Le Snowdrop Engine, quand l'esthétisme est mis au service du gameplay

The Division ambitionne d'immerger le joueur dans un univers ouvert et réaliste. Le Snowdrop Engine, qu'on découvre en vidéo, entend y contribuer grâce à des qualités esthétiques et physiques pensées pour porter le gameplay.

Entre autres originalités, The Division entend plonger le joueur dans un monde ouvert post-apocalyptique, frappé par une pandémie mondiale ourdie dans le cadre d'une vaste conspiration qu'il faudra déjouer.
Au-delà de sa trame, le RPG d'action du studio Massive Ubisoft affiche aussi des ambitions techniques. Le jeu entend notamment plonger le joueur au coeur des rues de New York, « dans un monde réaliste ». Et pour générer ce vaste univers, le développeur signe un moteur graphique, le Snowdrop Engine, qui se dévoilait ce week-end en vidéo à l'occasion des Video Games Awards 2013 (les VGX 2013).

Un moteur Snowdrop Engine de prime abord plutôt impressionnant et reposant, selon le développeur, sur trois principaux piliers : d'abord l'automatisation permettant une gestion dynamique de l'univers (chaque membre de l'équipe graphique ou technique peut ainsi y apposer son empreinte et le développement en est accéléré d'autant) ; ensuite une gestion en temps réel permettant de modifier l'univers à la volée (« le jeu est toujours jouable, même en cours de développement », on imagine l'intérêt dans le cadre d'un jeu en ligne par définition évolutif) ; et enfin devant être « fun » car « s'amuser avec les outils est le meilleur moyen d'être créatif ».
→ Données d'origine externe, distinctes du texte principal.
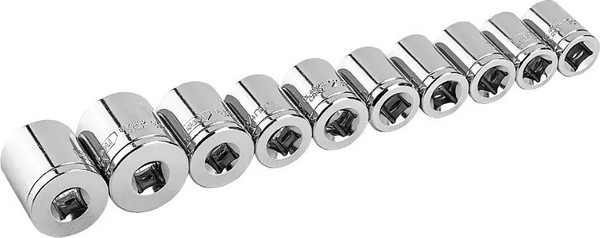 Изображение товара Набор головок слесарных Deli EDL2024T (24пр, кейс)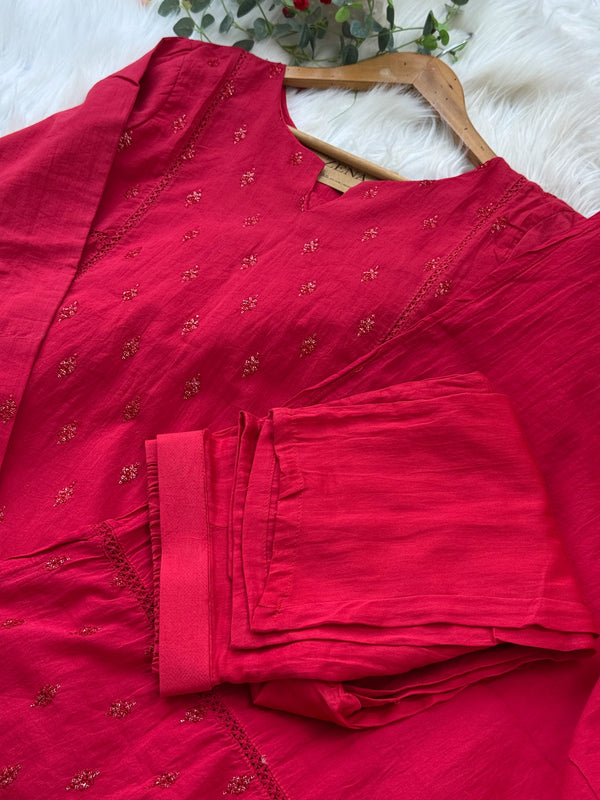 Premium Mul Cotton A-Line Set for Effortless Style 🌸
Le Snowdrop Engine, quand l'esthétisme est mis au service du gameplay

Mais au-delà de l'esthétisme (qui promet de faire « entrer le joueur dans l'ère du jeu vidéo de nouvelle génération »), la qualité graphique n'a de sens que si elle porte le gameplay et l'immersion du joueur dans un monde dynamique.
On le constate dans la vidéo, le Snowdrop Engine assure une gestion des effets de lumières et de particules ou encore des effets climatiques (il neige, gèle ou dégèle de façon dynamique selon le climat ambiant). Le studio Massive indique avoir abordé ces problématique en s'inspirant des techniques d'éclairage du cinéma. De quoi améliorer l'immersion, mais aussi gérer des cycles jours / nuits ou des séquences d'intérieur et d'extérieur. On imagine les conséquences en termes de gameplay.
Idem quant à l'impressionnante « gestion procédurale des destructions » (chaque coup de feu tiré génère un impact, voire est perforé). Et là encore, selon le développeur, si l'apparence d'un impact dans une vitre, dans du bois ou du béton est différente, c'est parce que la gestion physique de ces éléments est géré différemment par le moteur. Plus concrètement, se mettre à couvert derrière un mur en béton se révélera bien plus efficace que se cacher derrière une palissade ou le pare-brise d'un véhicule. Quand le gameplay rejoint le réalisme et l'esthétique.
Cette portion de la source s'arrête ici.